[Stored data entries]
---+---

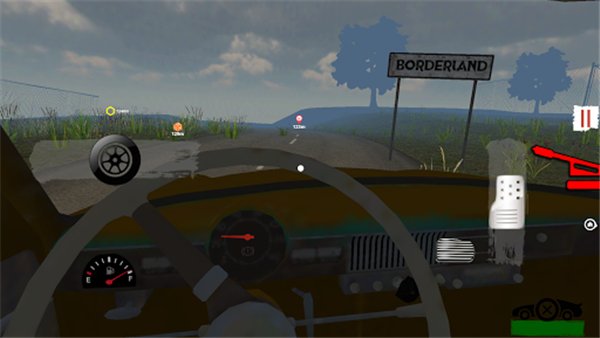 �߾����ٰ�׿������v1.4.0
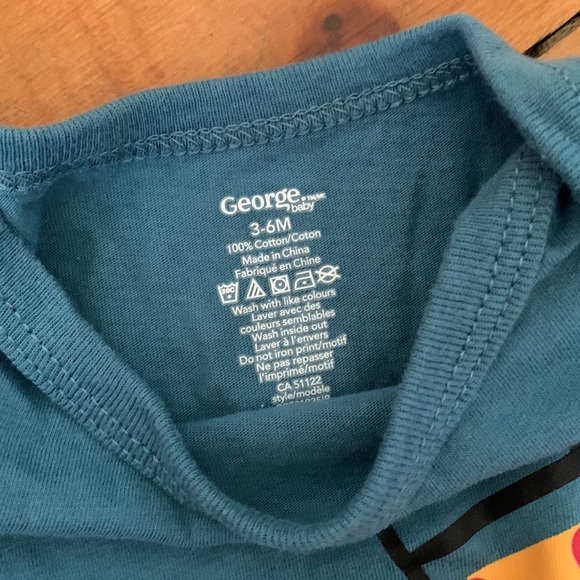 Baby bundle - Picture 5 of 5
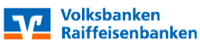 Volksbank Raiffeisenbank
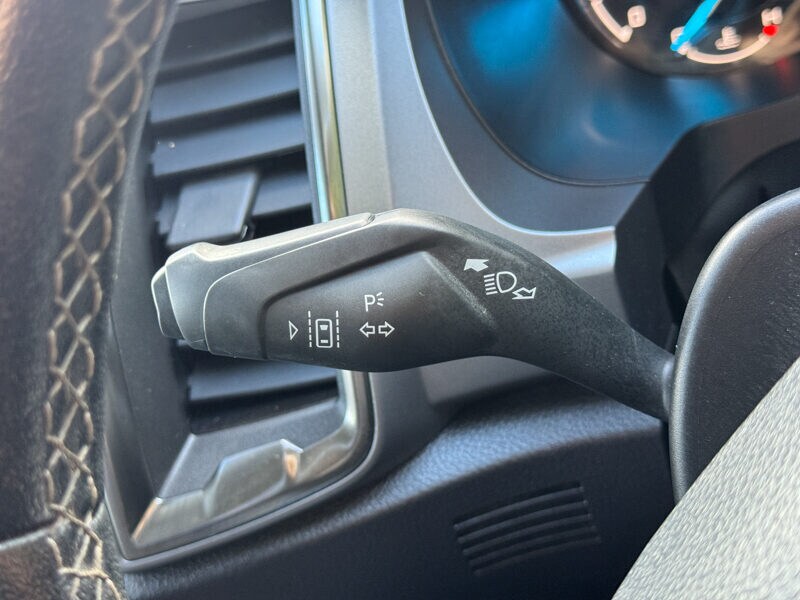 Used Ford Ranger 2022 for sale - 77593135: Photo 25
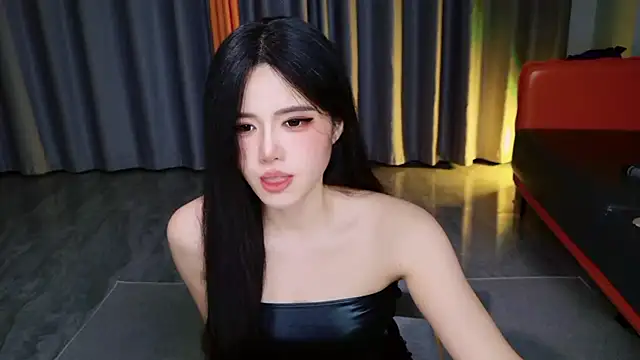 xiaoxun520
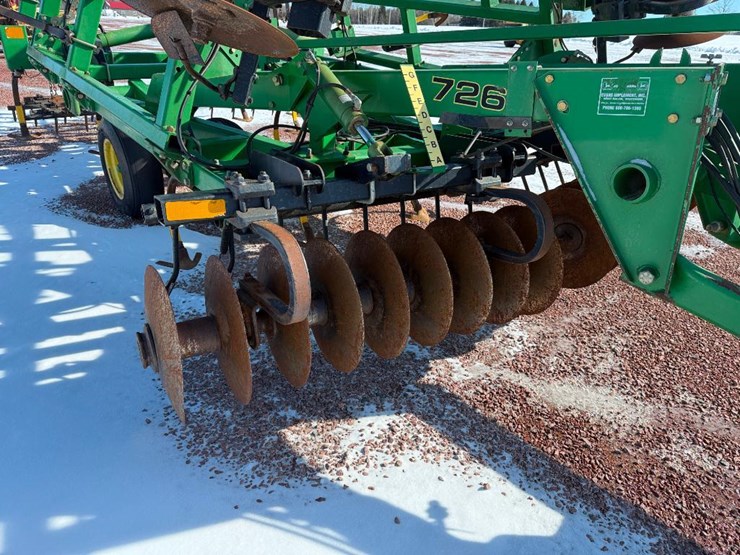 jcb-416b-ht-image-21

---+---

What the exercise asks
What is needed is an exact repeat of the lines from the one containing "Volksbank Raiffeisenbank" through the last line of the records above, both included, with pictures left out.

Response
 Volksbank Raiffeisenbank
 Used Ford Ranger 2022 for sale - 77593135: Photo 25
 xiaoxun520
 jcb-416b-ht-image-21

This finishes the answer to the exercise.